What is the influence of media on children’s development, including aggression, ethnic and gender stereotypes, consumerism, and academic learning?
Bee & Boyd (2007) puts the question in perspective very well: “Television… is an educational medium. Children learn from what they watch” (p. 411). One study after another demonstrates the effectiveness of visual media (e.g. television, video games, movies, etc) as a teaching tool.
If the media is Sesame Street or Mr. Roger’s Neighborhood or even positively themed but less intentionally educational media like Lassie, viewers benefit. Whether fostering racial tolerance, kindness, helpfulness, vocabulary or school readiness, TV shows have been shown to be correlated with positive outcomes for viewing children (Bee & Boyd, 2007, p. 408-409).

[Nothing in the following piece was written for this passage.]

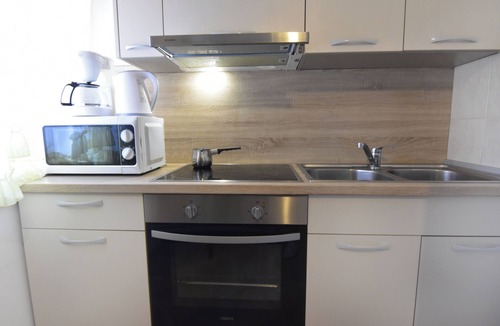 Monterol Apartment | Ideal vacation flat for a comfortable stay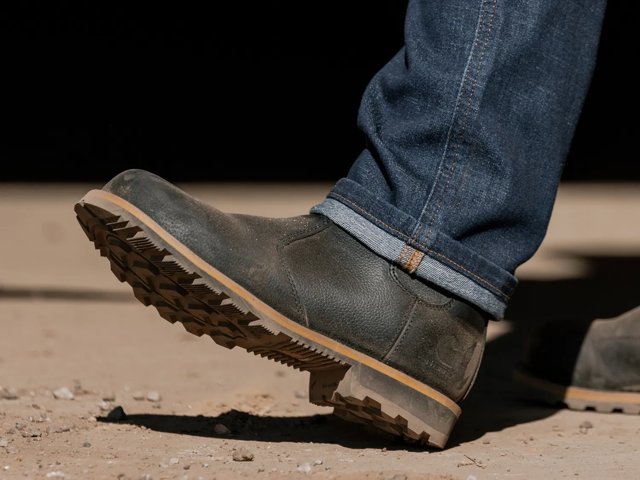 Carhartt Frontier Chelsea Soft Toe Work Boot - Women's - Free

On the other hand, violent TV shows have been shown to correlate concurrently and longitudinally with poorer grades, lower test scores and the less developed reading skills (Bee & Boyd, p. 409). More disturbingly, TV has been show to correlate with emotional desensitization and increases in aggressive behavior. One study found the incidence of aggressive acts immediately following viewing of a popular, violent children’s show increased sevenfold (Bee & Boyd, p. 410). Another study links the watching of violent television at age eight with serious criminal behavior 20 years later (Bee & Boyd, p. 410). There also seems to be a dangerous vicious circle as regards violence and media, “the more violent television programs children watch, the more violent video games they prefer, and the more aggressively they behave toward peers (Mediascope, 1999)” (Bee & Boyd, p. 412).

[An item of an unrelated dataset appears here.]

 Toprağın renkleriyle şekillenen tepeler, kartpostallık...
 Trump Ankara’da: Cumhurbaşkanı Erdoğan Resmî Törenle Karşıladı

Bee & Boyd (2007) quote L.D. Eron’s testimony to Congress that makes an excellent summary of the subject: “There can no longer be any doubt that heavy exposure to televised violence is one of the causes of aggressive behavior, crime and violence in society. The evidence comes from both the laboratory and real-life studies. Television violence affects youngsters of all ages, of both genders, at all socioeconomic levels and all levels of intelligence. The effect is not limited to children who are already disposed to being aggressive and is not restricted to this country. (Eron, 1992, p. S8539)” (p. 410-411).
Bee, H., & Boyd, B. (2007). The developing child (11th ed.). Boston, MA: Pearson Education, Inc.